A former first minister has called for the creation of a second chamber at Holyrood as an "official check" on the Scottish Parliament.

Jack McConnell, Scotland's first minister from 2001 to 2007, wants the new chamber to take the form of a Consultative Assembly.

He stressed it would not have a legislative function but would provide more accountability and give councils more say.

In an interview with The Herald newspaper, the Labour peer said there should be a national debate on setting up the assembly.

He said: "You could have one representative for each of the local authorities, maybe two for each city.

"You could have a select number of representatives of business and, similarly, the voluntary sector.

"I would have a role for the local authorities at the centre. They have been disempowered for the last 20 years. There is a need to revitalise, re-energise their voice.

"We would not create a new set of politicians," Lord McConnell added. "The Scottish Parliament would be legislatively bound to listen to them.

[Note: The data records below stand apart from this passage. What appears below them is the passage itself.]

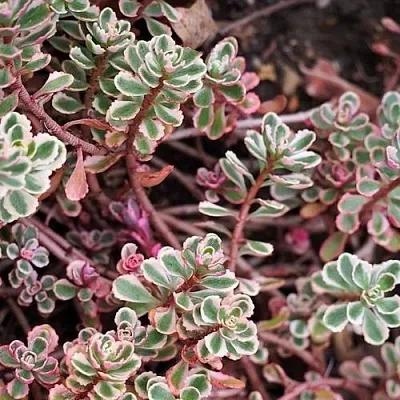 Очиток (седум) ТРИКОЛОР ложный  Очиток (седум) ТРИКОЛОР ложный в Красноярске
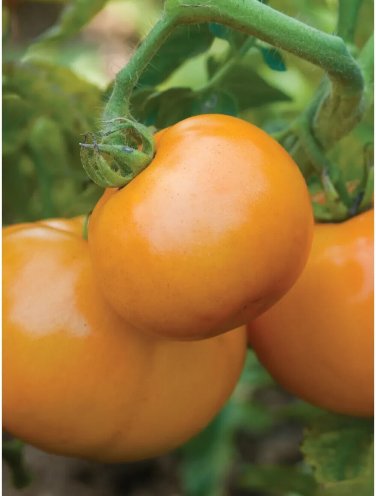 Sweet Tangerine Tomato Hybrid Vegetable Garden Planting Tomatoe 50 seeds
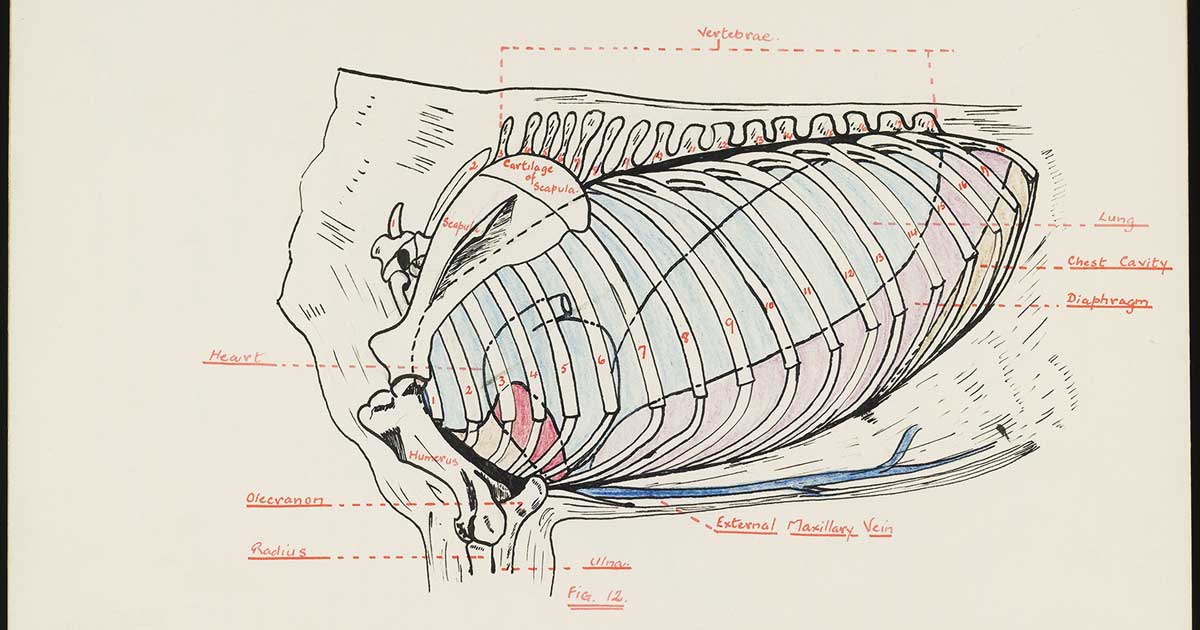 Some things don’t change: an anatomy drawing by a student at the Royal (Dick) School of Veterinary Studies drawn in the 1930s.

"It would act as an official check on the work of Holyrood."

He said the assembly would sit part-time and meet to discuss big issues such as the Scottish budget or key legislation.

Membership would be limited to under 100 and an allowance could be paid for attendance.

Lord McConnell said the extra level of scrutiny is needed to deal with "a gap in terms of accountability and engagement 20 years on from the creation of the Scottish Parliament".